One of the major differences between the wavelet and other types of transforms is that WT generates the time-frequency positioning of the signal. The mathematical representation of a wavelet family is

$$\begin{array}{@{}rcl@{}} \psi_{u,s}\left( t\right) = \frac{1}{\sqrt{|s|}} \psi\left( \frac{t-u}{s}\right) \end{array} $$

(4)

where Ψ (t) is a real or complex valued function, ‘s’ indicates the scaling component for shrinking (s < 1) or stretching (s > 1) the wavelet function (WF), and ‘u’ represents the translation component utilized to shift the position of the WF. The factor $ \left (1/\sqrt {|s|}\right )$ denotes the energy normalization constant along various scales.

To carry out both the MRA decomposition and reconstruction at the same time, it adopts two functions, namely, the wavelet function (φ) and the scaling function (ϕ).
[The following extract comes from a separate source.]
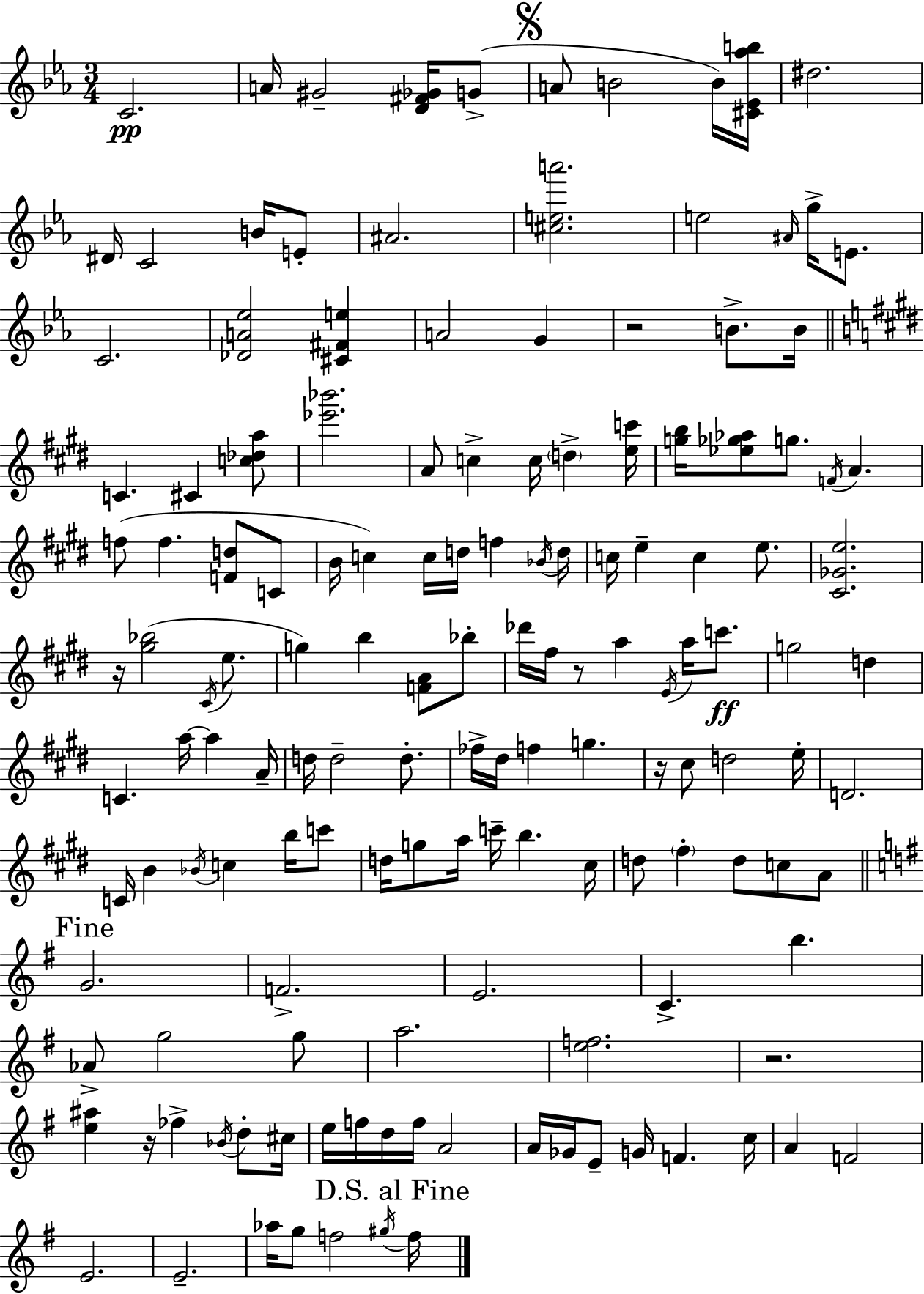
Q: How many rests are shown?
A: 6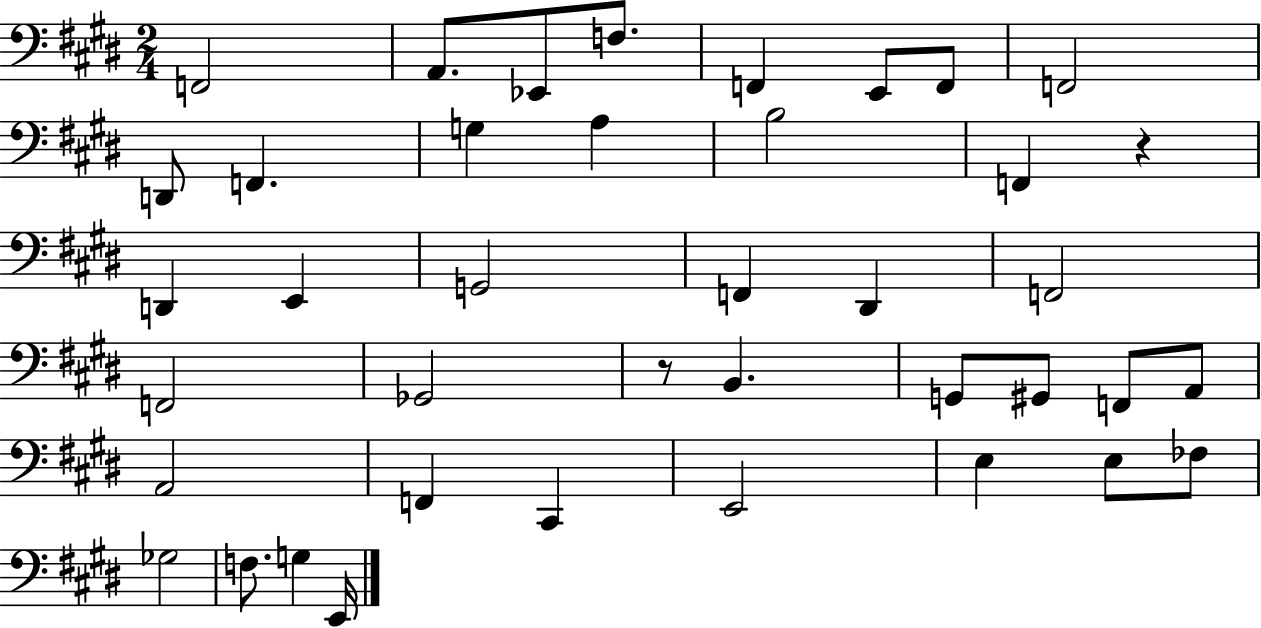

The former is used to propagate the detailed variant having high frequency elements of the signal, and the later to produce the approximate variant of the signal which includes low frequency elements. The mathematically definitions of these two functions (in discrete domain) are given below.

$$\begin{array}{@{}rcl@{}} \varphi_{j,n}\left[t\right]= 2^{\frac{j}{2}}\sum\limits_{n}w_{j,n}\varphi\left[2^{j}t-n\right] \end{array} $$

(5)

$$\begin{array}{@{}rcl@{}} \phi_{j,n}\left[t\right]= 2^{\frac{j}{2}}\sum\limits_{n}s_{j,n}\phi\left[2^{j}t-n\right] \end{array} $$

(6)

where s_j and w_j represent the scaling and wavelet coefficients at j_th scale, respectively. These two functions are required to be orthonormal and satisfy the following conditions.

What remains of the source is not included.